BRIEF ::
Write the data out again, character for character, with no images.

Brief descriptive captions ::
********************

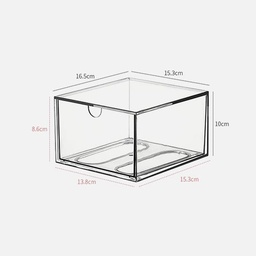 [OVJ 6923314046677] OVJ 4667 Modular Acrylic Storage Drawer (L) 10cm x 15.3cm x 16.5cm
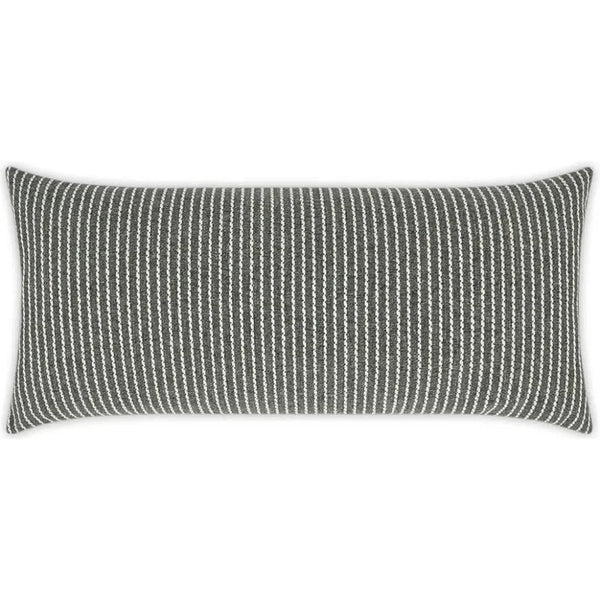 Outdoor Linus Lumbar Pillow - Graphite-Outdoor Pillows-D.V. Kap-LOOMLAN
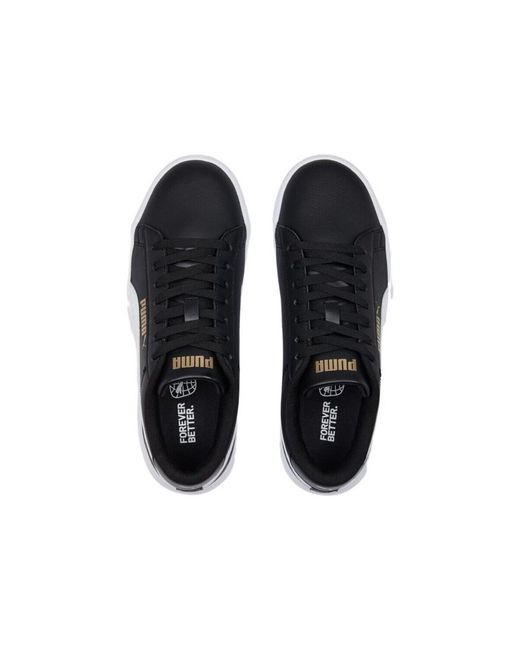 Baskets basses Smash Platform V3 PUMA en coloris Black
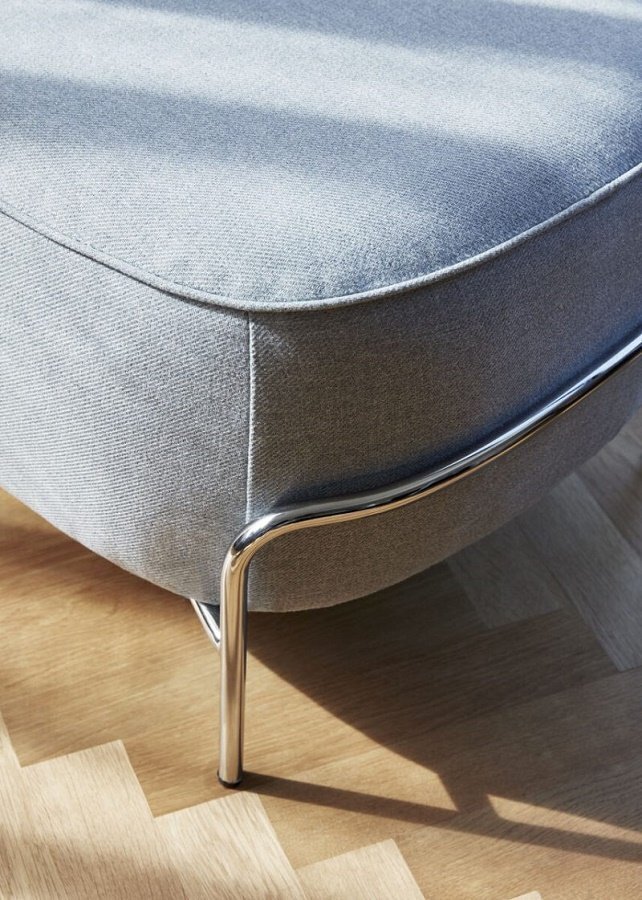 Huebsch Kumo Pouf Light blue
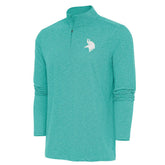 Minnesota Vikings Antigua Hunk Quarter-Zip Pullover Top | NFL Discount
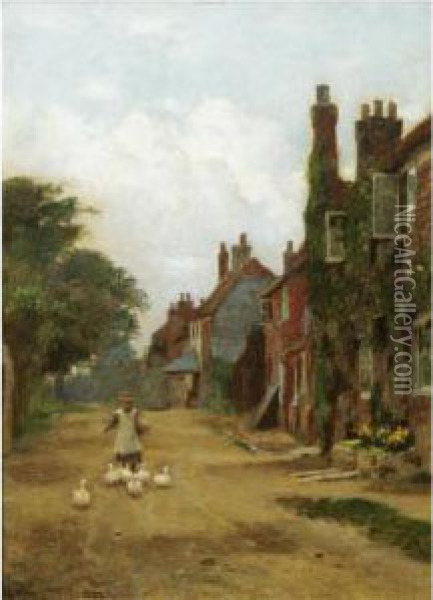 At Winchelsea, Sussex Oil Painting - William Teulon Blandford Fletcher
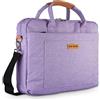 DOB SECHS Borsa Porta PC 15 Pollici, Borsa Lavoro Cartella Borse 15.6 Pollici Impermeabile Computer PC Portatile per Donna Uomo Insegnanti Viaggio Lavoro Università Scuola, Viola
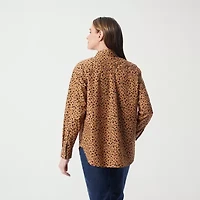 Gloria Vanderbilt Amanda Womens Long Sleeve Blouse
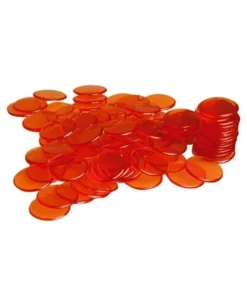 Orange banko dækbrikker, 1000 stk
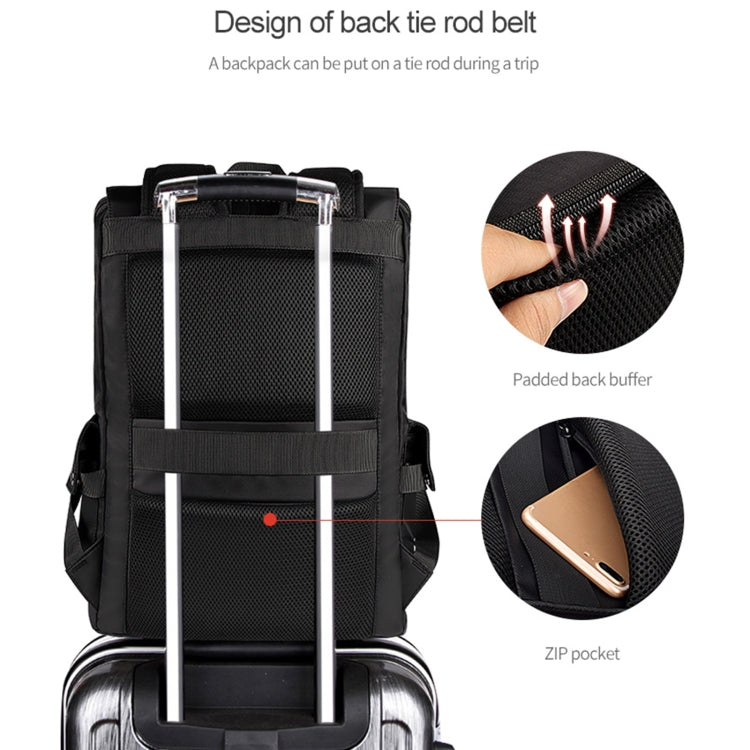 SJ02 Zaino per laptop universale di grande capacità da 13-15,6 pollici con porta di ricarica USB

********************

SOLUTION TO THIS PROBLEM ::
 [OVJ 6923314046677] OVJ 4667 Modular Acrylic Storage Drawer (L) 10cm x 15.3cm x 16.5cm
 Outdoor Linus Lumbar Pillow - Graphite-Outdoor Pillows-D.V. Kap-LOOMLAN
 Baskets basses Smash Platform V3 PUMA en coloris Black
 Huebsch Kumo Pouf Light blue
 Minnesota Vikings Antigua Hunk Quarter-Zip Pullover Top | NFL Discount
 At Winchelsea, Sussex Oil Painting - William Teulon Blandford Fletcher
 DOB SECHS Borsa Porta PC 15 Pollici, Borsa Lavoro Cartella Borse 15.6 Pollici Impermeabile Computer PC Portatile per Donna Uomo Insegnanti Viaggio Lavoro Università Scuola, Viola
 Gloria Vanderbilt Amanda Womens Long Sleeve Blouse
 Orange banko dækbrikker, 1000 stk
 SJ02 Zaino per laptop universale di grande capacità da 13-15,6 pollici con porta di ricarica USB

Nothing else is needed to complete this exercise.